Last week, the US Dollar Index (DXY) completed its 7th consecutive weekly gain. It was the longest string of uninterrupted weekly gains since autumn 2014. I mentioned 2 weeks ago that 2014 involved a phase of contrasting monetary policies, whereby the Fed was the only central bank in tightening mode, while most other central banks (especially ECB and BoJ) were in the midst of deep policy easing.
It was the easiest and clearest path to make money in currencies: Buy USD against everything (especially EUR and JPY). Today, monetary policy paths are more in synch. Fed, ECB, and BoC rate hikes are at (or near) their final innings, according to market expectations. FX moves will depend on which central bank will face surprising upside in inflation; or/and which central bank will cut first.
So why the extreme ascent in DXY?
Some of it is due to the strong rise in US bond yields relative to all G10 nations (except for the UK), and the rest is due to the tumble in the Chinese yuan. Most seasoned currency traders will observe that USD/CNH (USD vs. offshore Chinese yuan) is increasingly correlated with other USD pairs. This has created some rare divergences between DXY (57% influenced by EUR) and the USD/CNH pair. Said differently--it is USD/Commodities vs. USD/Europe-UK.

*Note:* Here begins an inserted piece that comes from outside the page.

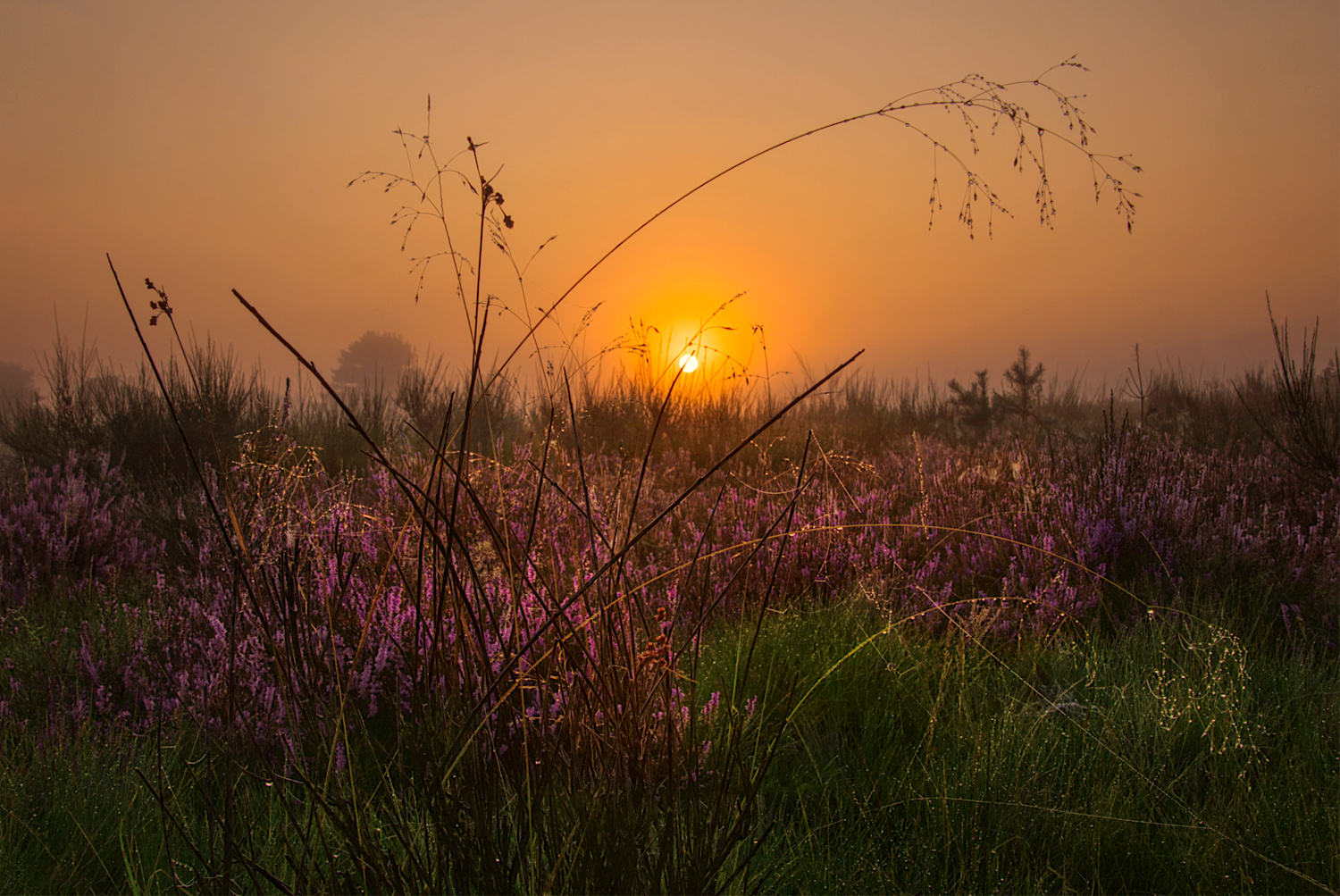 Lichtpoesie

If you're still reading this post all the way to this line (without suffering a case of short attention span), then you're probably also aware that most bank strategists/economists continue to expect NO Fed hike this month while reducing the odds of a November hike to below 36%.

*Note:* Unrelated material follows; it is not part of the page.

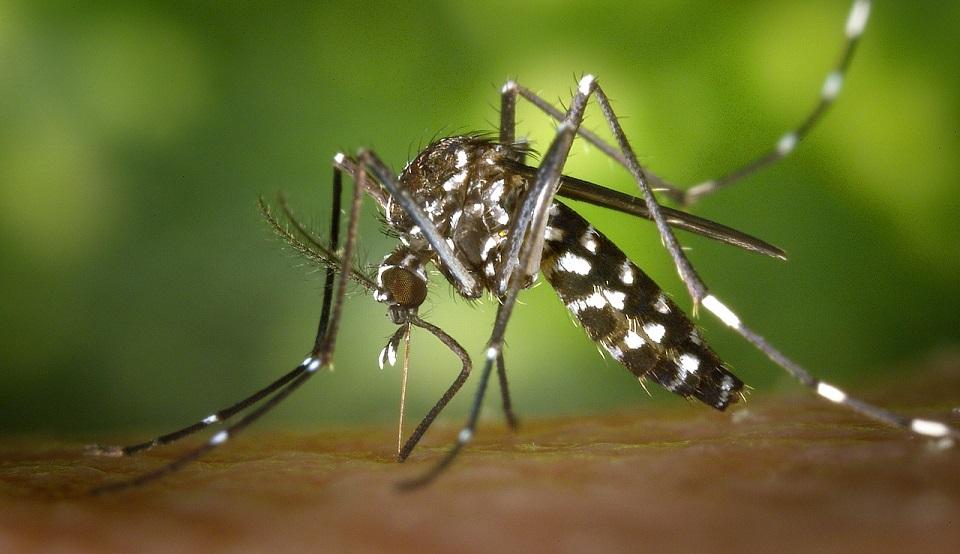 O mosquito transmissor da doença
Foto: UFC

All of these odds are worthless without knowing the outcome of the crucial August CPI (due on Sep 13th).
I plan to issue the latest inter-metals count (Copper, Platinum, Gold, Silver, and XME) to our WhatsApp Broadcast Group to help us assess, whether a fresh break-out in bond yields (above 4.45%) will trigger the next source of damage in indexes. This is paramount, especially as DXY bears are shaking, with EUR/USD breaking its 200-DMA and USD/JPY making such a fierce intraday comeback on Friday alongside yields.